## WHAT NEEDS TO BE DONE
If an entry holds a picture, leave that picture out. Give everything else again exactly.
- - -
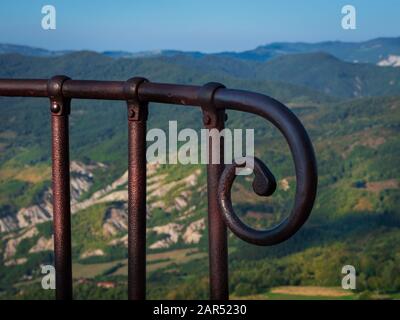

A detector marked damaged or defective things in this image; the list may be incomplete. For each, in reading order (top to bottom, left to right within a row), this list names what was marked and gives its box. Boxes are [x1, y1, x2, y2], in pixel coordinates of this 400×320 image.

rusty metal surface [48, 75, 73, 300]
rusty metal surface [0, 77, 318, 300]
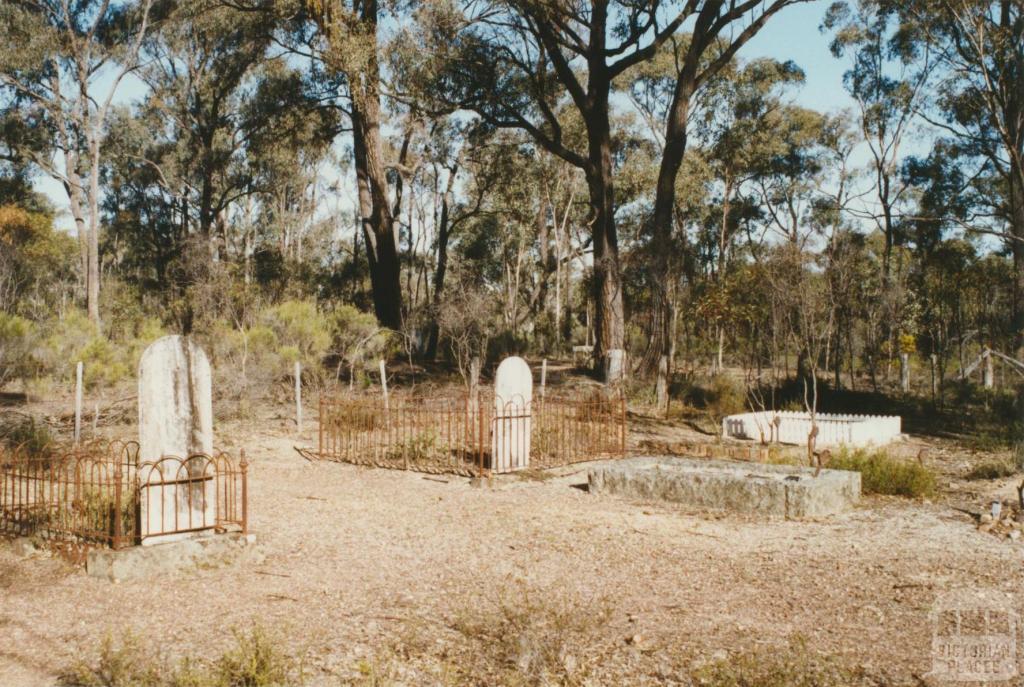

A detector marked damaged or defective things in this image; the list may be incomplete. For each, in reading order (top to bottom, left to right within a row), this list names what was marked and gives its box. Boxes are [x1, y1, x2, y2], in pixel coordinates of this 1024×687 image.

rusty iron fence [318, 390, 624, 476]
rusty iron fence [0, 440, 248, 564]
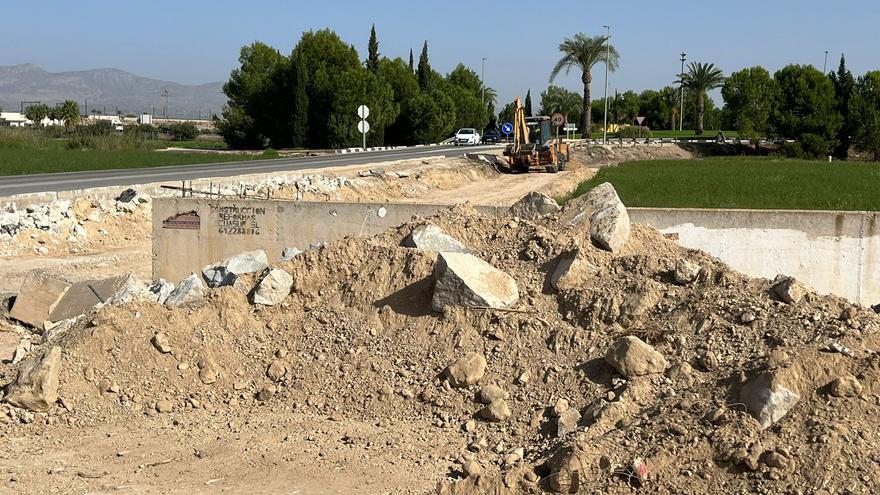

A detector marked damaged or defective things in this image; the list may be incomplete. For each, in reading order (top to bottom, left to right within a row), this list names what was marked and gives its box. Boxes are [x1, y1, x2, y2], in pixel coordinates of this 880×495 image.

broken concrete [402, 227, 468, 254]
broken concrete [430, 254, 520, 312]
broken concrete [3, 346, 61, 412]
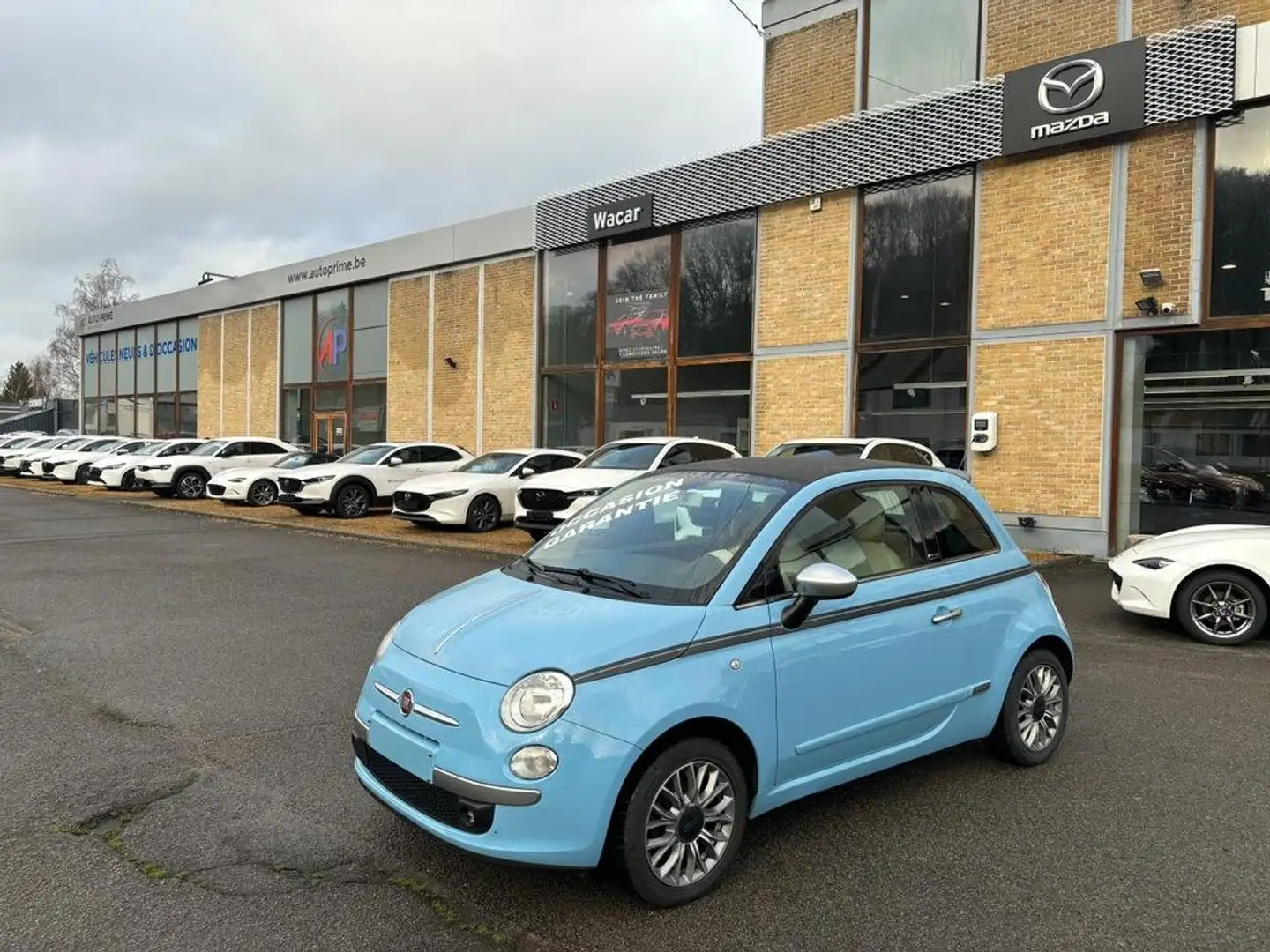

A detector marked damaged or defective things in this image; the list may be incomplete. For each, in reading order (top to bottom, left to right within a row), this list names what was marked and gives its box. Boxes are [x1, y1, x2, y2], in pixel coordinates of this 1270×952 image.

cracked pavement [2, 487, 1270, 949]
- - -
## REPLY TO THE TASK
A detector marked damaged or defective things in this image; the list may be incomplete. For each, in reading order (top to bottom, left to right within a row), this list names what was marked and gives its box. Boxes are [x1, y1, x2, y2], in pixel coordinates of this 400×320 image.

rusty metal surface [48, 75, 73, 300]
rusty metal surface [0, 77, 318, 300]

A detector marked damaged or defective things in this image; the list may be incomplete. For each, in reading order (top to bottom, left to right within a row), this list names what was marked and gives its box. Boxes are [x1, y1, x2, y2], in pixel coordinates of this 1024×687 image.

rusty iron fence [318, 390, 624, 476]
rusty iron fence [0, 440, 248, 564]

A detector marked damaged or defective things in this image; the list may be incomplete. For each, in reading order (top to bottom, left to right within a row), this list names what was marked and gives its box. Boxes are [x1, y1, x2, y2], in pixel coordinates of this 880×495 image.

broken concrete [402, 227, 468, 254]
broken concrete [430, 254, 520, 312]
broken concrete [3, 346, 61, 412]

A detector marked damaged or defective things in this image; the list may be incomplete. For each, in reading order (top to bottom, left to right within a row), this list names what was marked and gives its box. Boxes are [x1, y1, x2, y2], in pixel coordinates of this 1270×952 image.

cracked pavement [2, 487, 1270, 949]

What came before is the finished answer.